Problem requirements: An exact transcription is needed of the lines below from the one with "Juan Pablo II College vs Universitario" through the one with "Cover von Forschungen", with no other lines and no pictures.

Dataset extract:
==*==

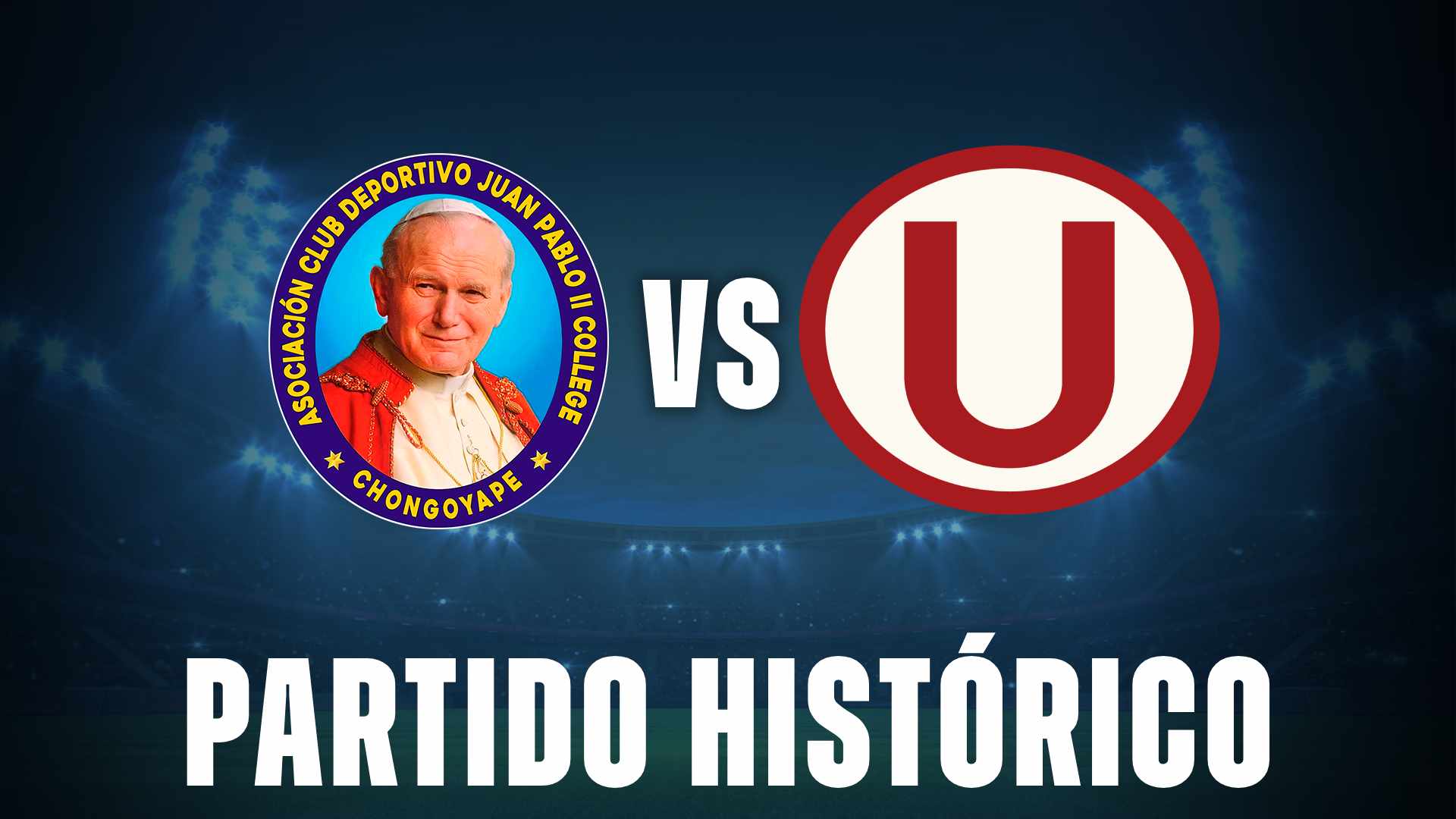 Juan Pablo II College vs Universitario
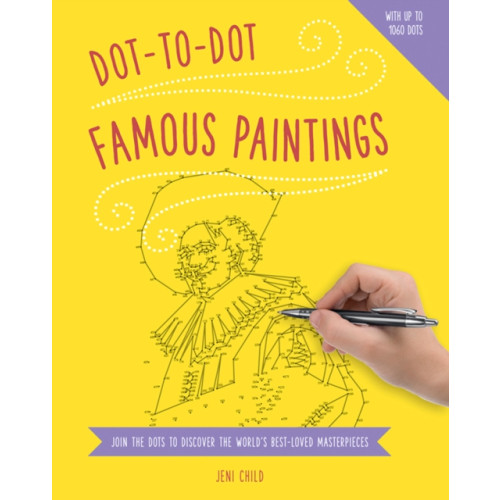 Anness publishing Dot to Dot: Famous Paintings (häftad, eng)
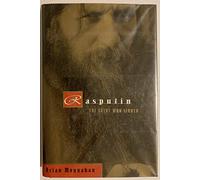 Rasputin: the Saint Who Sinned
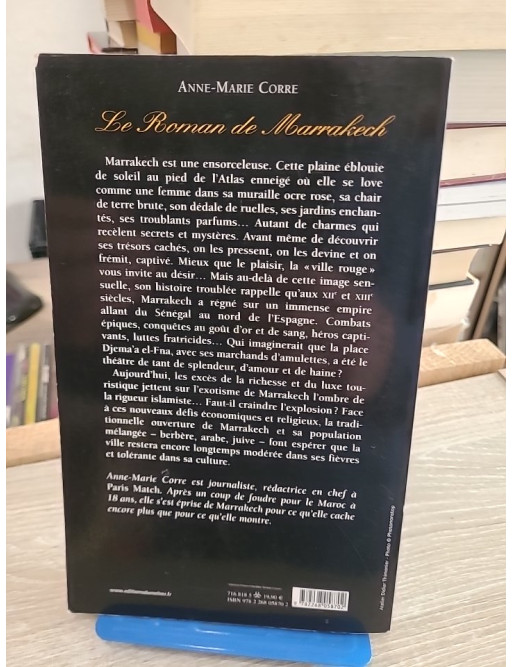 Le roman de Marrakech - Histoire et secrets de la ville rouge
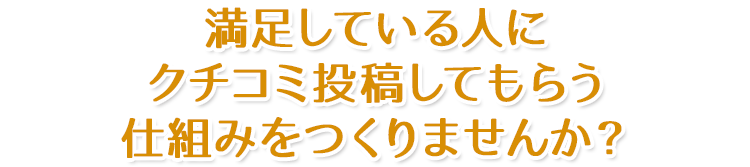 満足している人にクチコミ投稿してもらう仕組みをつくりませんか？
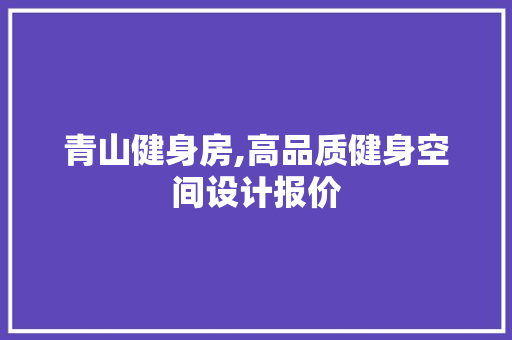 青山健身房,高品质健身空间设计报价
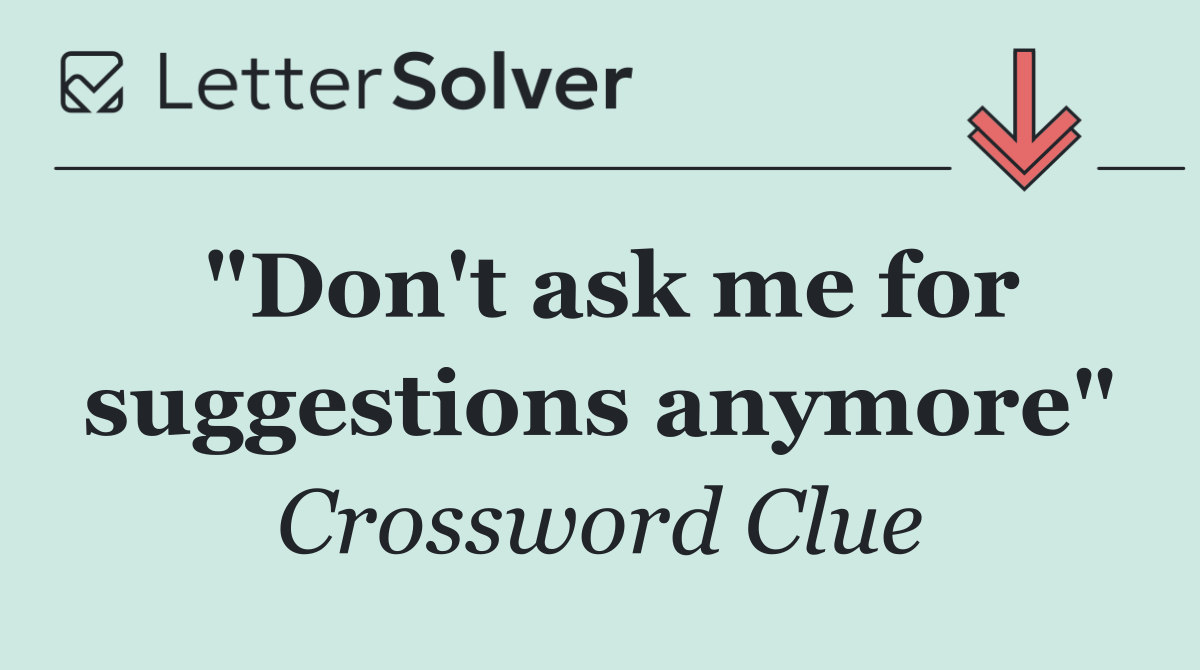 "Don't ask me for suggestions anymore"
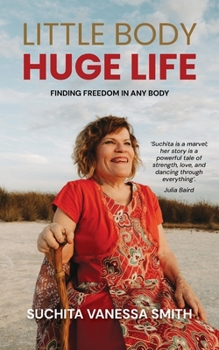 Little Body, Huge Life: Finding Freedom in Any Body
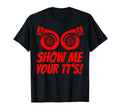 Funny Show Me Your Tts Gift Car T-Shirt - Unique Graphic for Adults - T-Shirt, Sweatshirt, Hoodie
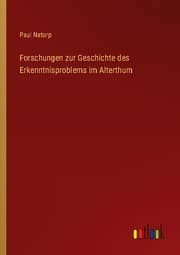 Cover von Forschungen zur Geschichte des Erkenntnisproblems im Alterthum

==*==

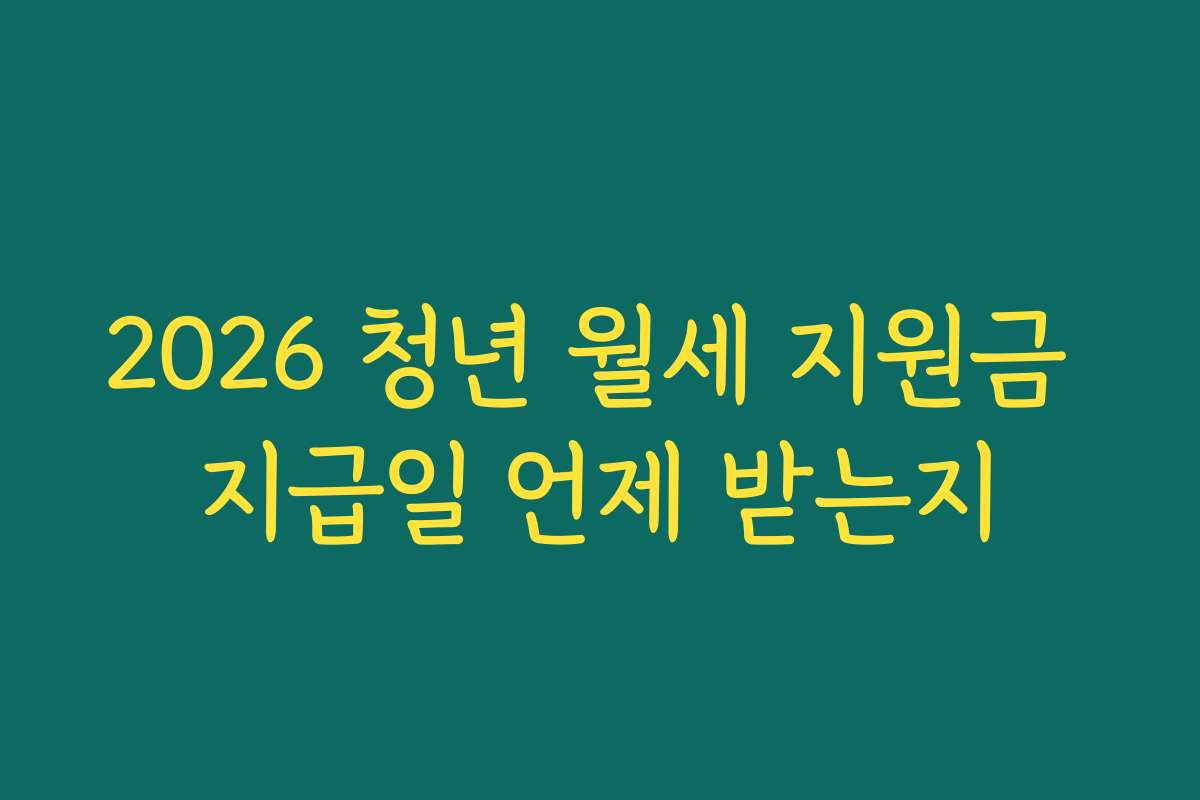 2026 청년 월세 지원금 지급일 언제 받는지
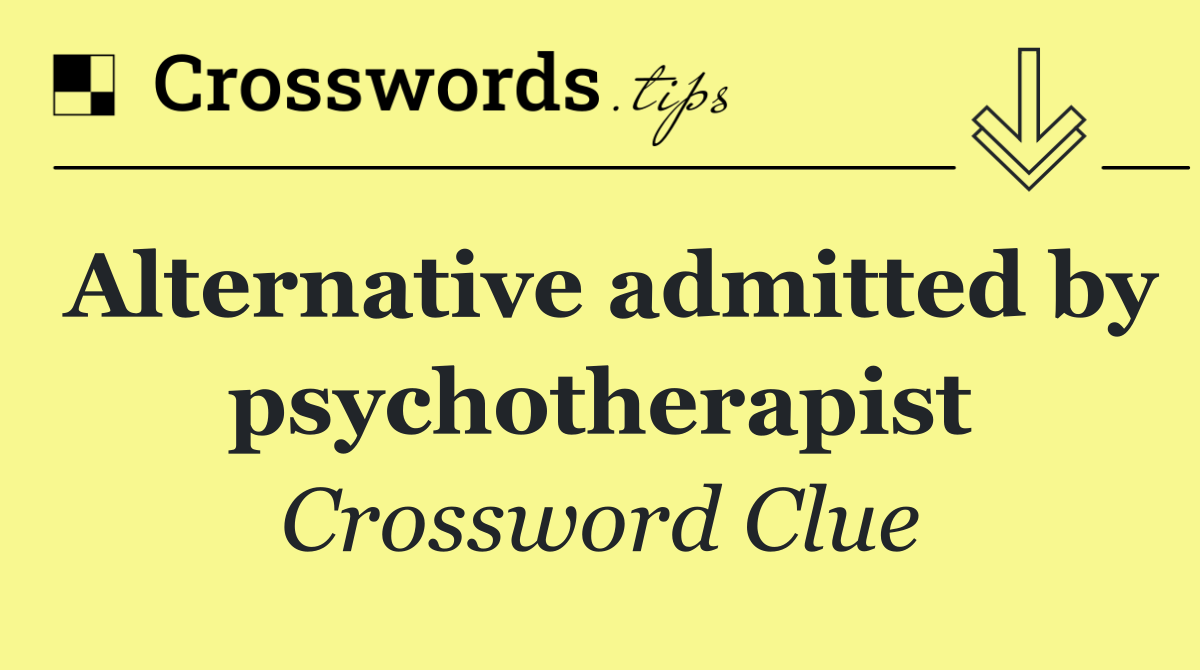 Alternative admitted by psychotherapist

==*==

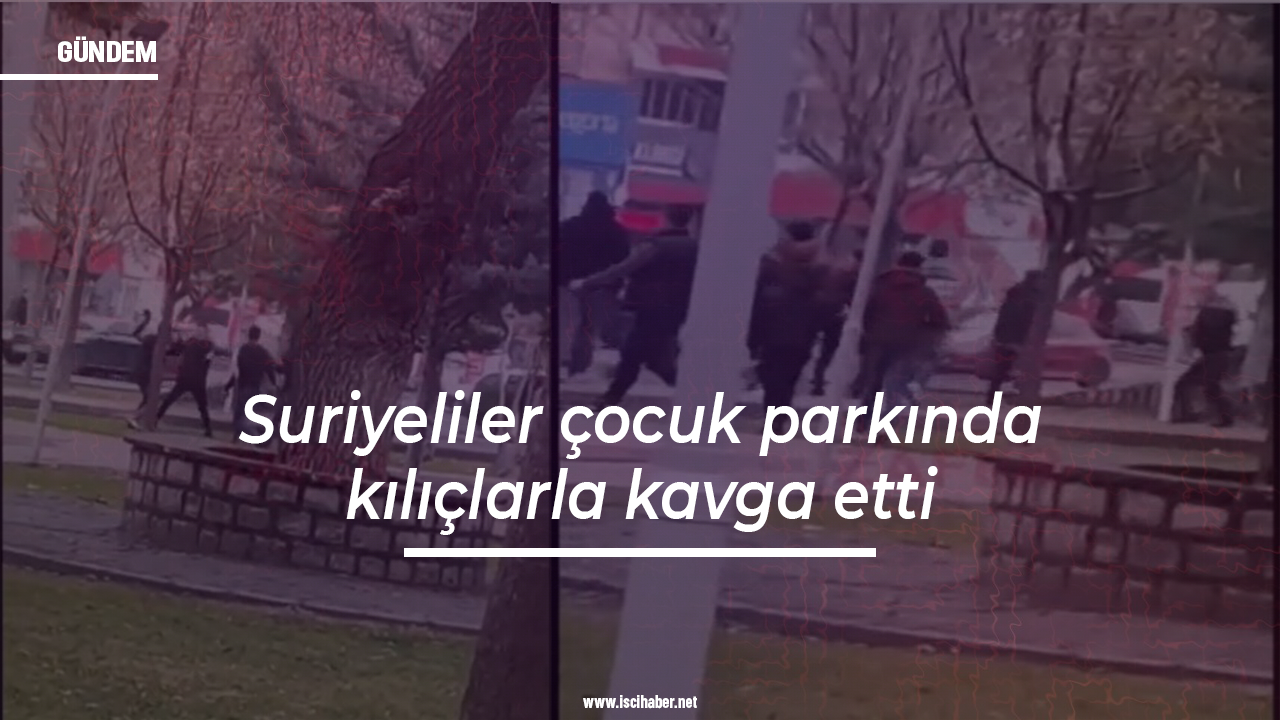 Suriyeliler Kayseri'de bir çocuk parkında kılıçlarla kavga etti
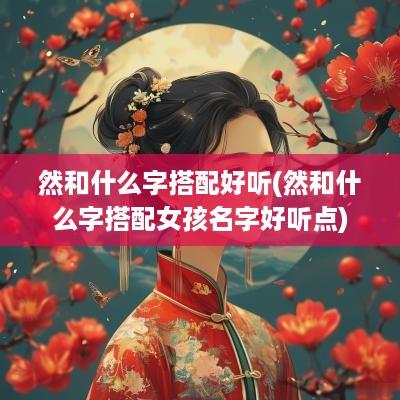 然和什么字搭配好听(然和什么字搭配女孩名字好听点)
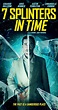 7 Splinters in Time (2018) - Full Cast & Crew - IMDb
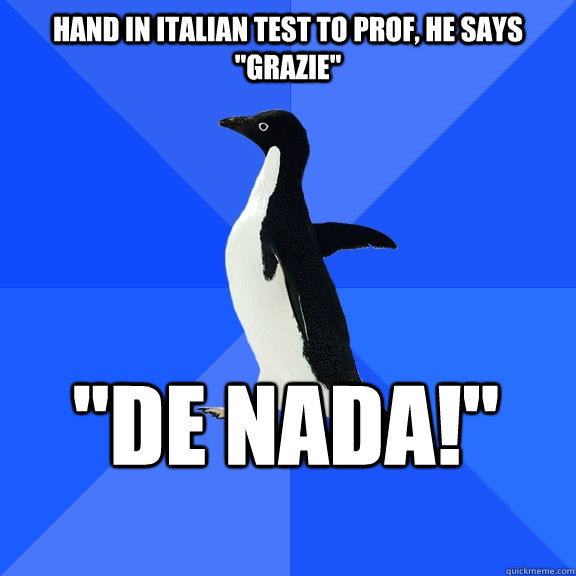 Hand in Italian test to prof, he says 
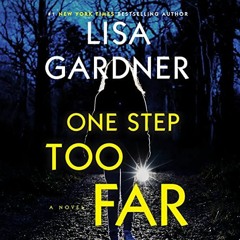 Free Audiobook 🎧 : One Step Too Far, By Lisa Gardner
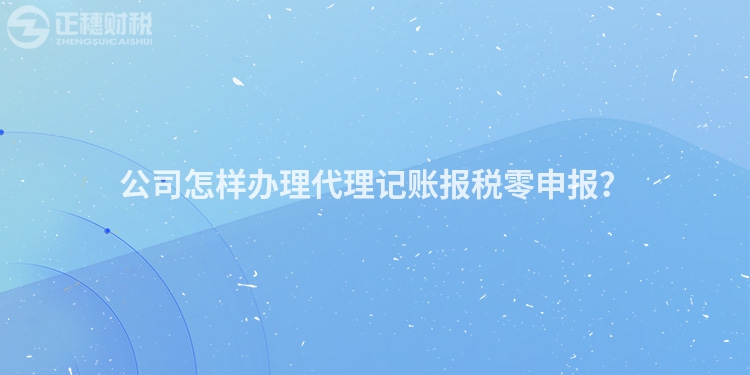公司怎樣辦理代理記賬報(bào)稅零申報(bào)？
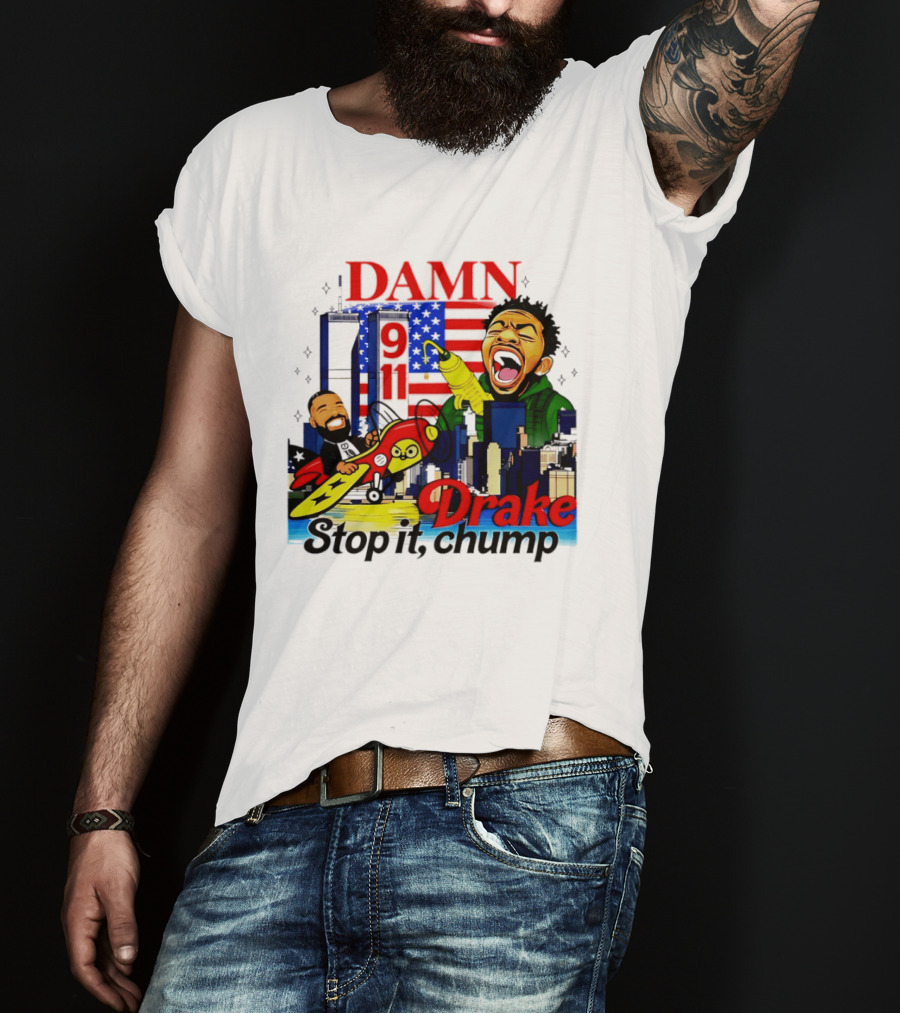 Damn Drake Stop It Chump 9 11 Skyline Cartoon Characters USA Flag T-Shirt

==*==

Solved exercise:
 Juan Pablo II College vs Universitario
 Anness publishing Dot to Dot: Famous Paintings (häftad, eng)
 Rasputin: the Saint Who Sinned
 Le roman de Marrakech - Histoire et secrets de la ville rouge
 満足している人にクチコミ投稿してもらう仕組みをつくりませんか？
 青山健身房,高品质健身空间设计报价
 "Don't ask me for suggestions anymore"
 Little Body, Huge Life: Finding Freedom in Any Body
 Funny Show Me Your Tts Gift Car T-Shirt - Unique Graphic for Adults - T-Shirt, Sweatshirt, Hoodie
 Cover von Forschungen zur Geschichte des Erkenntnisproblems im Alterthum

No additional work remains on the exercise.